Task instructions: The required result is an exact copy of every line from the one with "线上娱乐-西甲赛程吃紧；托特" through the last line below, with the pictures left out.

Supplied data:

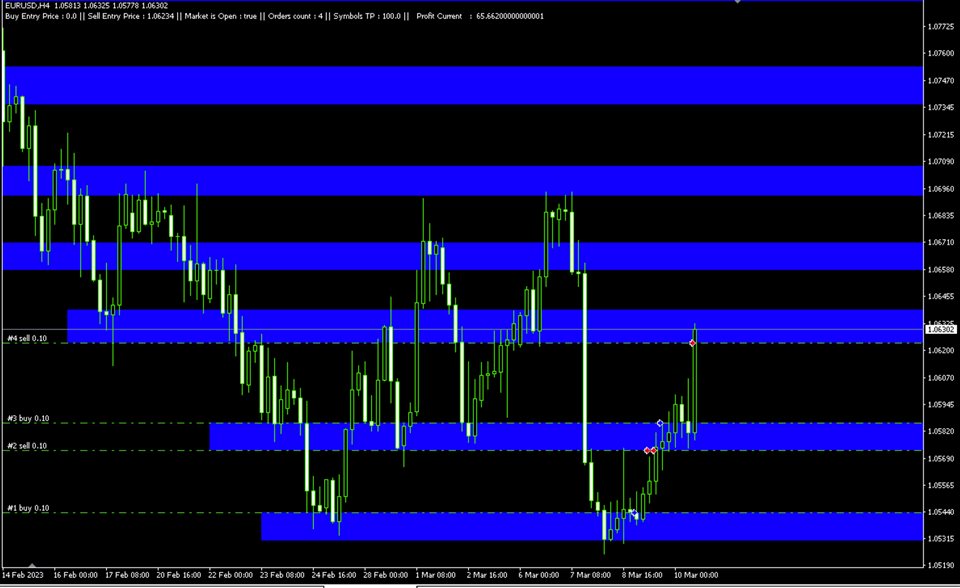 图片[6]-Mql5官网 Rectangle Lines Trade Assistant EA 外汇EA-EA侦探社 - 全球领先的MQL5官网外汇EA机器人MT4自动化交易EA资源免费分享网站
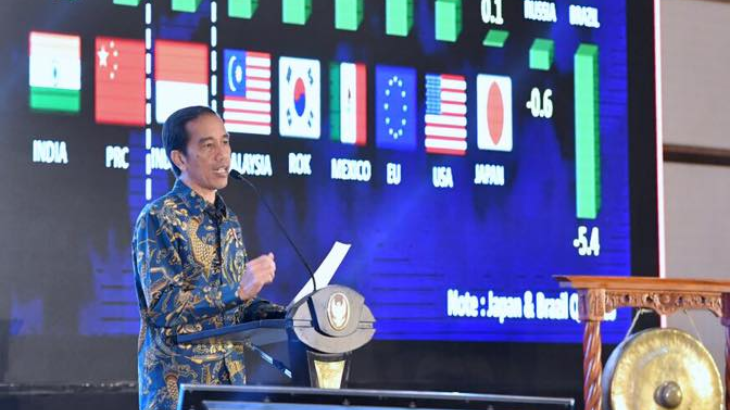 Presiden Jokowi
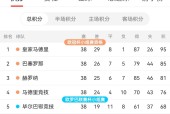 线上娱乐-西甲赛程吃紧；托特纳姆冲刺阶段完成体检；底气十足；球队文化再被提及的简单介绍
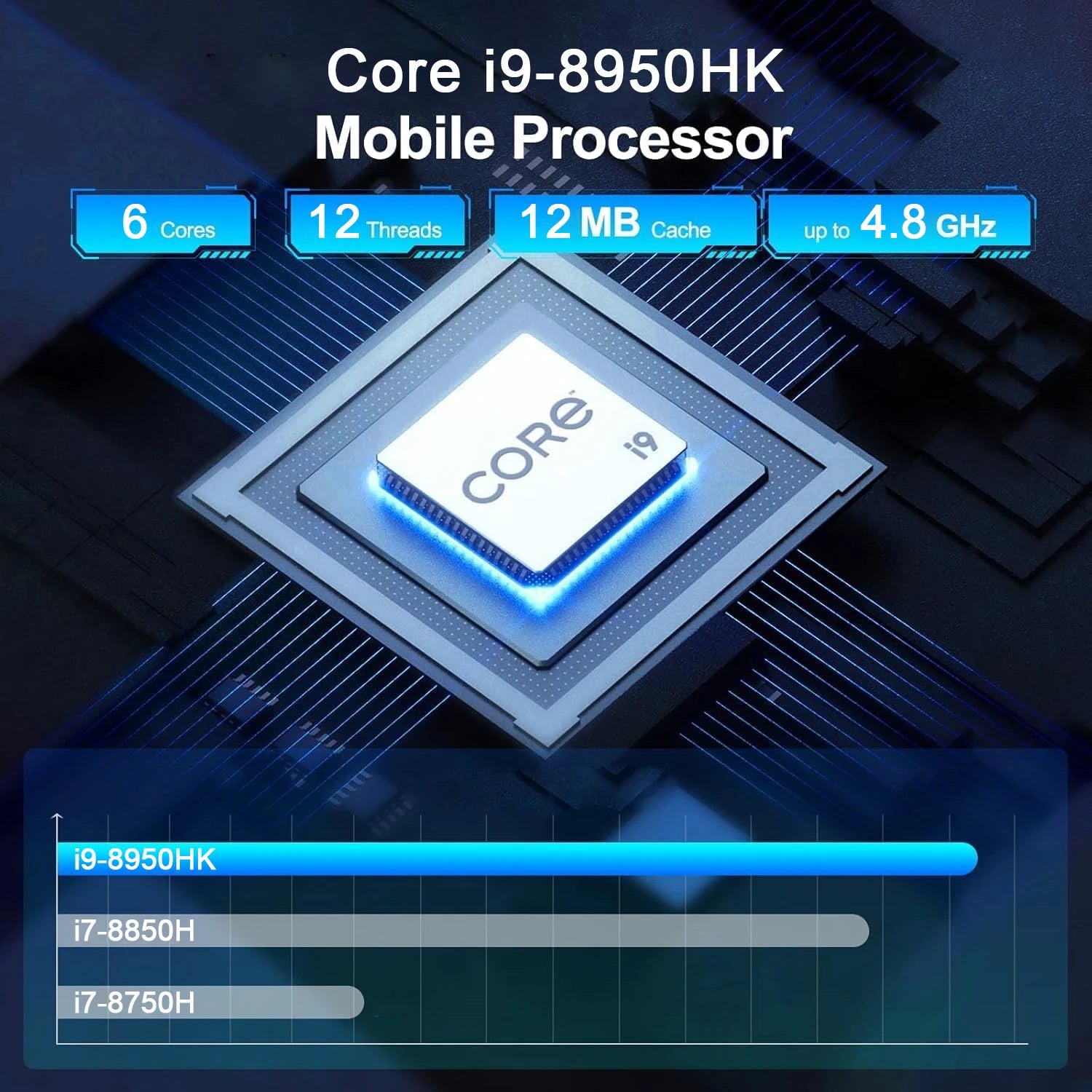 MINI PC Intel Core i9 8950HK Windows 11 Pro 16GB RAM 2TB SSD WIFI6 BT5.2 4K HD Mini Gaming Office Study Desktop Computer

Written answer:
 线上娱乐-西甲赛程吃紧；托特纳姆冲刺阶段完成体检；底气十足；球队文化再被提及的简单介绍
 MINI PC Intel Core i9 8950HK Windows 11 Pro 16GB RAM 2TB SSD WIFI6 BT5.2 4K HD Mini Gaming Office Study Desktop Computer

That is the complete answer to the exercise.